Common Security Risks for Data Centers

By Maryellen Lo Bosco  
OTHER PARTS OF THIS ARTICLEPt. 1: Data Center Security DesignPt. 2: This PagePt. 3: Fire Safety and Prevention in Data Centers

Here are some other areas to focus on to ensure that a data center is secure.

Look for vulnerabilities beyond the data center's property line. If a telephone cabinet near a busy intersection is instrumental to a facility data center's operation, then it is important to "harden that infrastructure" with a barrier. Moving toward the building, "fiber optic cable comes from the ground and can be easily identified," says Ahrens. Someone who wanted to do damage need not even enter the building, he says, so those cables need to be secured or hidden.

Consider the use of "compartmentalization" to protect assets. Compartmentalization involves different levels of access throughout the facility, says Ferrantelli. Check points begin at the entrance and progress through offices, control rooms, corridors, and so forth. An intruder would have to successfully breach a number of "zones" to get to the target area.

Compartmentalization deters some people entirely, and even a determined aggressor is delayed, says Ahrens. That's good news from a security perspective. "The longer it takes an aggressor to get in, the more easily you can detect that person," Ferrantelli says.

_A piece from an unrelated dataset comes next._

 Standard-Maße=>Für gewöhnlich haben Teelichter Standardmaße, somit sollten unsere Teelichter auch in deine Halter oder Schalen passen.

Make sure everyone is vigilant. It is important for front-line security people to be alert to preventing unauthorized personnel from entering the building. Enhanced security awareness involves not only checking identification at the building's portal, but also doing patrols, including video patrols, and questioning people and asking for identification if they are found in the halls or other areas of the building.

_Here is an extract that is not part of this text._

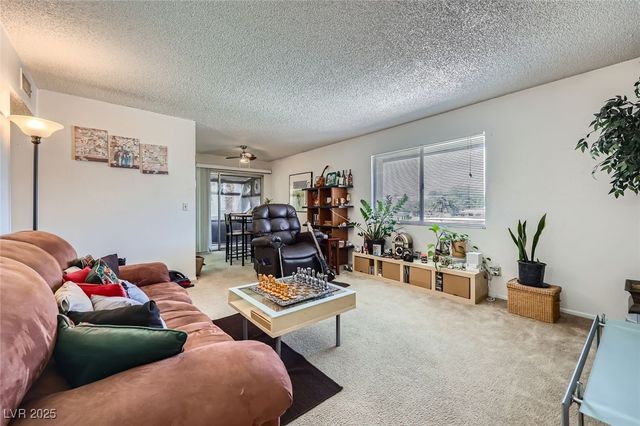 1420 Vegas Valley Drive 22, Las Vegas, NV 89169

"Security and staff have to be trained to recognize and challenge people," Ferrantelli says. "If they see someone who doesn't look right, they must ask for a badge or alert security.

Non-security personnel are an important deterrent as well. Ahrens has tested revolving doors that made a loud noise when he, an unauthorized employee, went through, but no one challenged him. "They did not contact security because I was just someone who ‘forgot his card,'" he says. Ahrens emphasized that employees need to be trained to pick up the phone and tell security that someone they did not recognize went through a door, or to put it more simply, "if you see something say something."

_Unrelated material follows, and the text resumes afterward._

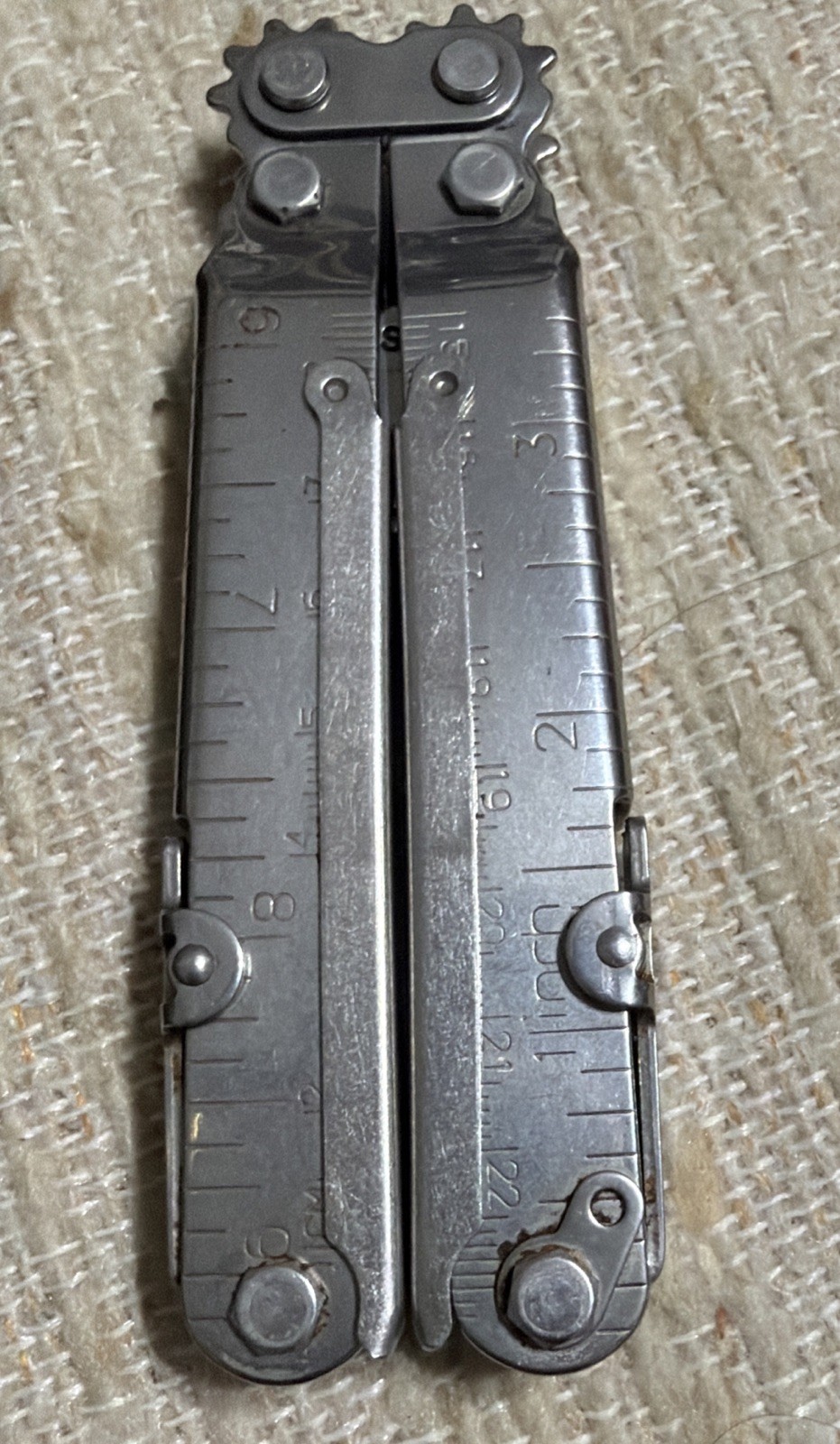 SOG PowerLock Pliers Multi Tool w/ Leather Sheath… FREE S&H!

One reason vigilance is important is that potential intruders can use many methods to gain entry. "Social engineering" — or using a pretext to get into a building or relying on people's innocence or reluctance to show suspicion toward a stranger — is the first weapon in an intruder's toolkit. In testing a building's security, Ahrens and his team once claimed that they were with "internal audit" and got access to the data center without even showing identification. "Being friendly and sociable and looking like we belonged got us access to the main telecommunications room," he says.

Another tactic an intruder might use is "tailgaiting," which involves opening a door for an employee and following him or her in or coming in behind someone through a revolving door. A data center can prevent such break-ins with a turnstyle that senses two people and backs the second person out, says Ahrens. At the same time, it is important to secure loading docks or outside doors.

Make effective use of technology. With regard to gaining access to the inner area of a data center, facility managers must ensure that they use "robust credentialing," says Ahrens. This can include access control cards with pin numbers, biometrics, and video systems that document everything. Moreover, 12-foot-high cameras "simply identify people who need Rogaine," Ahrens jokes. "Bring the cameras down to 8 feet so they are right in your face. They need to be direct and obtrusive," he says.

Security guards also need to be properly trained on security technology and how to use the security functions that are available. This is a problem because of the high turnover rate among security personnel because they often make only minimum wage or a little higher. Ferrantelli recommends offering better salaries and benefits and showing employees that they are valued.

Pay attention to people. While employees that work for an organization's data center are subject to background checks, outsourced IT personnel may not have been investigated, says Ahrens, and that is an area facility managers can overlook. It's also important to remember that employees may be approached for access to a file or a piece of a file in exchange for money. "There is no better predictor of future behavior than looking at past behavior," says Ahrens, which can be done through credit monitoring, drug tests, and background investigations. It is also wise to fairly compensate employees for the work they do.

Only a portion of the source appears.